List of Possible Avenues You Could Explore After You Graduate From College

  • You could start your own hired-assassin business and put the “V” back in violence.
  • Or, if you’re not into the whole killing-people-for-money scene, you could start a door-to-door lemonade stand, or open a restaurant with no chairs, just hammocks and tables.
  • You could also start a medieval scribe messenger service, where all the messengers would be dressed up as medieval scribes and skip along while carrying messages written on rolled-up pieces of papyrus as they play the flute. The messages would of course be written in calligraphy with quill pens and read aloud in mock old English. And if you don’t want the flute, you can request a piccolo, but that costs extra.
  • Then there’s always the option of creating a prison-themed restaurant called “The Pen.” Modeled after a composite of famous prison cafeterias from all over the country, “The Pen” would replicate in every detail what it’s like to chew down slop in the big house, right down to the leering eyes of the guards who are just waiting to blast you with their twelve gauge shotguns. Now when you first arrive at “The Pen,” you will be stripped of your street clothes, issued a uniform and number, shackled, and forced to shuffle through line being careful not to make eye contact with the dangerous men in hairnets serving you borderline inedible food. And instead of a maitre d’ there will be a soulless warden; a piece of advice: unless you’re looking to get thrown into solitary, don’t dare ask for a menu: just like in the state or county pen, there are no menus at “The Pen.” Oh, and every so often, a random diner would get “shanked,” because it’s all part of the experience.
  • You could hit the road with a covered wagon and do the Oregon Trail. Your biggest decisions will be deciding whether or not to pay for the ferry or ford the river—clearly risking your oxen, fellow party members, and supplies—and whether or not to stop when someone inevitably gets a snake bite.
  • Or if you don’t wanna travel, if you just wanna stay at home, you could write a biography on Ralph Macchio entitled: Paint the Fence: The Ralph Macchio Story, or your very own book on public speaking entitled: Just Picture Them In Their Underwear: Insert Your Name Here’s Guide To Public Speaking.

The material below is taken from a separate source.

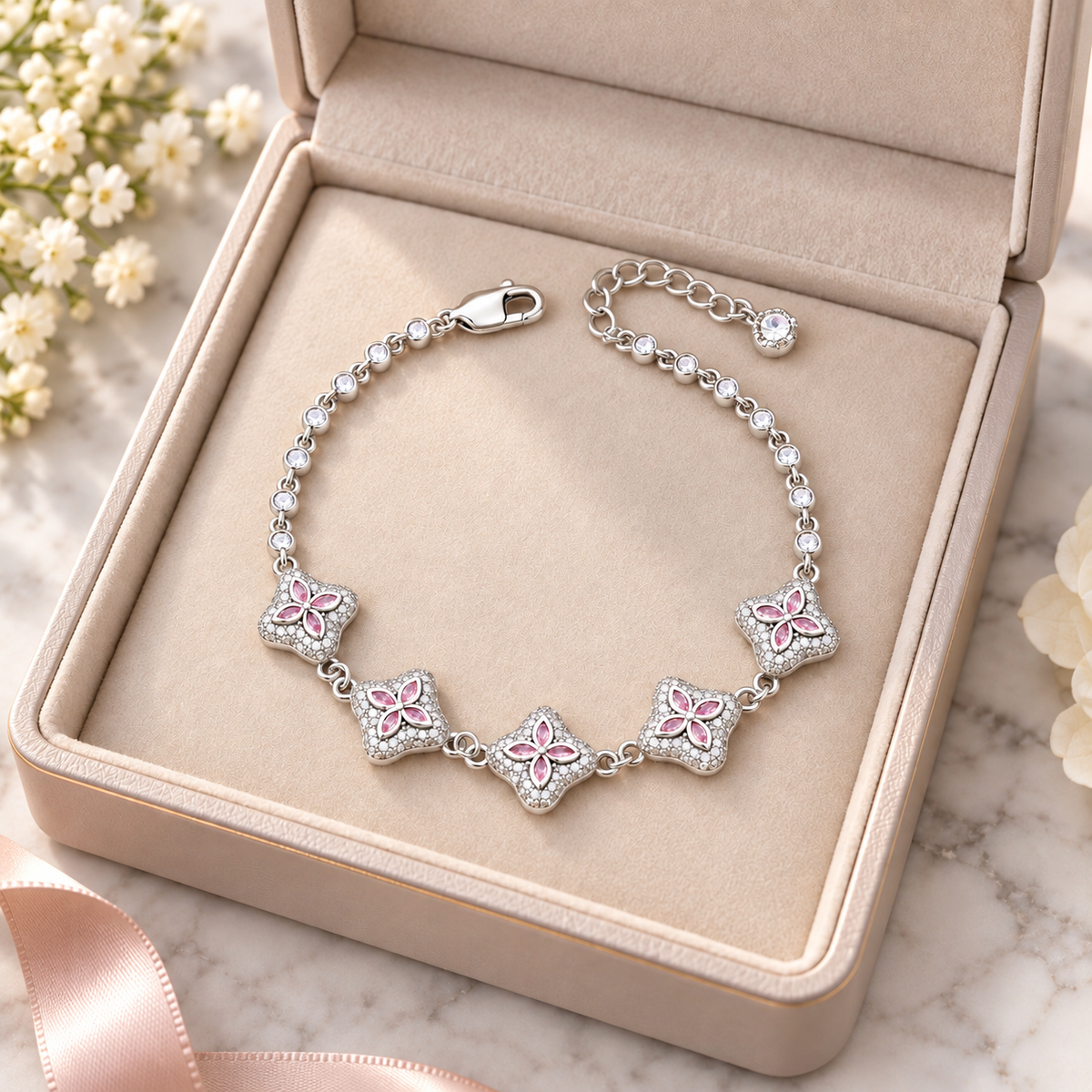 The Elodie Pink Clover Zircon Bracelet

  • You could become both the originator and central pioneer of “pirate rock” by forming a pirate rock band called Occupation: Pirate. All the members of your band will have the names of different positions on a ship: they’ll be the captain, the first mate, the cabin boy, et cetera, and your first album will be titled Land ho! and your first single, “Walking the Plank.” Other song titles will include: “Swabbin’ the Deck,” A Plundering We Will Go,” “Sea Legs,” and “Shiver Me Timbers.” Oh—and this is the clincher—every album will come with a free collectible eye patch. Arrrr! With this idea you’ll surely be setting sail for success.

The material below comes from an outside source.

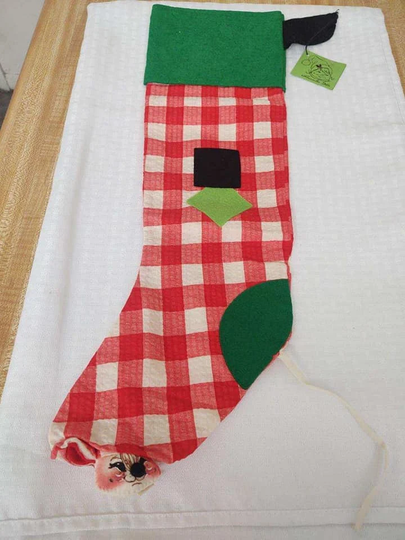 Analee Christmas Mouse Stocking, Vintage Mobiliteel, 1971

    You could decide to run for president.—You can’t actually even run until you’re thirty-five, so that gives you about thirteen years to just hang out and get your platform, and vice-president and cabinet, and financial backing together.
  • You could work the fields and till the soil of our earth with the quiet dignity of a peasant.

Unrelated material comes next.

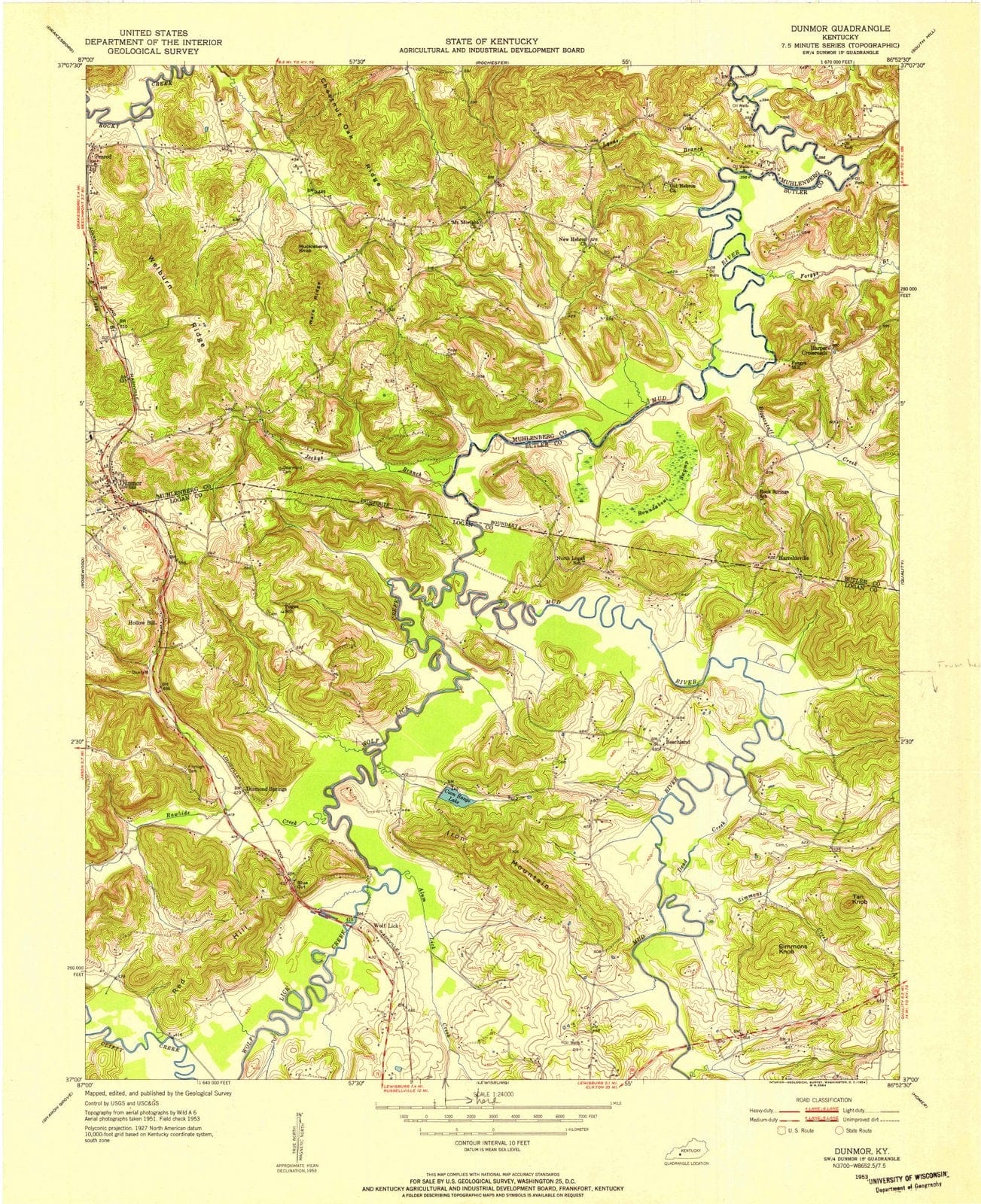 1953 Dunmor, KY - Kentucky - USGS Topographic Map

  • There’s also the possibility of traveling the country performing impromptu hit sticks drum solos. Remember those things?
  • Or you could be a warrior poet, or the guy back in medieval times who tasted the king’s food to make sure it hadn’t been poisoned, or a carpetbagger, or a mercantilist, or a muckraker—yellow journalism.
  • Or if none of these possibilities I’ve listed work for you, you could, in a very controversial move, decide to retire before you even start working. It’s brilliant! You could move into a retirement home in Florida. Switch from Centrum to Centrum silver. Begin to have your “good” days and your “bad” days. Take to walking around with a walker and gab with the other old-timers about the “good old days” and how you don’t understand these kids today with their rock and roll and their MTV. The younger staff members would ask you to regale them with tales from your youth; to tell them of simpler times since past. You could begin to liken your daily experience to an old senile man or woman in a supermarket, who, every time he or she picks something new from the shelf mischievous kids steal all the items from your cart. And like a modern-day Sisyphus, you never get the boulder up the mountain; you never get out of the supermarket.